Tiananmen Square, Beijing. CREDIT: <a href="https://pixabay.com/en/tiananmen-square-beijing-sentinel-654627/">yefan/Pixabay</a>
Tiananmen Square, Beijing. CREDIT: yefan/Pixabay

China's Power and Messaging, with Bonnie S. Glaser

Feb 19, 2019

"There are areas where China lags behind other countries in its power, areas where it's catching up, and areas where China really has leapfrogged some other countries, including the United States, and is pulling ahead," says Bonnie Glaser of CSIS. Certainly, China is investing heavily in promoting a favorable narrative about China around the world, a strategy increasingly being referred to as "political influence operations."

DEVIN STEWART: Hi, I'm Devin Stewart here at Carnegie Council in New York City, and today on the phone I have Bonnie Glaser. She is a senior advisor for Asia and the director of the China Power Project at the Center for Strategic and International Studies (CSIS) in Washington, DC.
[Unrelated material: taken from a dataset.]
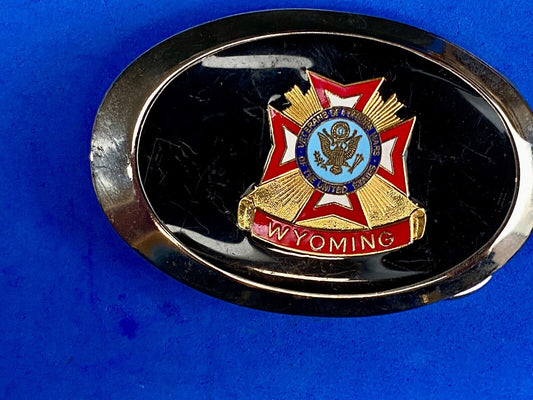 VFW VETERANS OF FOREIGN WARS -State of Wyoming Belt Buckle - Collector’s Piece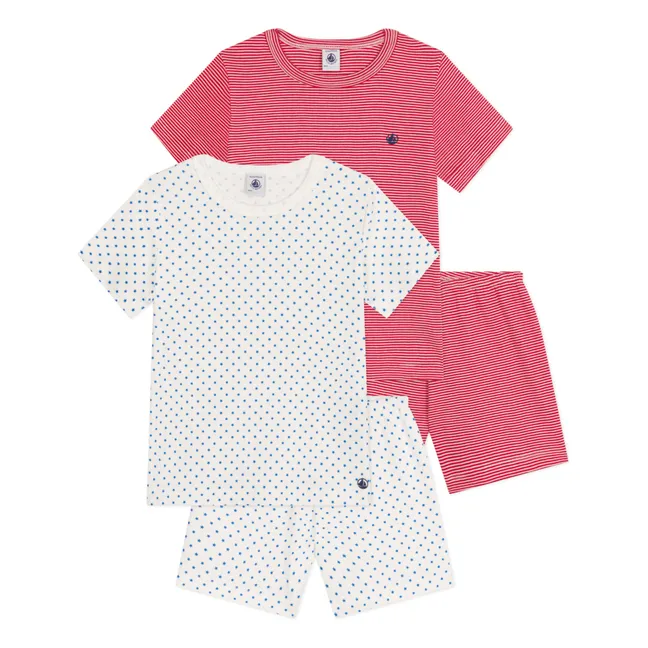 Set of 2 Pyjamas Shorts | White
Bonnie, thank you very much for speaking with us today.

BONNIE GLASER: Thanks for asking me to do a podcast.

DEVIN STEWART: This conversation today is part of our ongoing series of podcasts which we call Information Warfare, looking at the use of disinformation, information, propaganda, messaging, and other tools of statecraft, particularly between the United States and China and the United States and Asia in general.

Bonnie, before we get to some of those tools and issues surrounding China's foreign policy, tell us a little bit about the China Power Project, which you are running at CSIS.

BONNIE GLASER: We started the China Power Project about three years ago. The concept behind it really stems from what I see as a lack of really good understanding about China and Chinese power. Some people underestimate Chinese power; others overestimate it. And, of course, power is relative, so you have to understand it relative to other countries.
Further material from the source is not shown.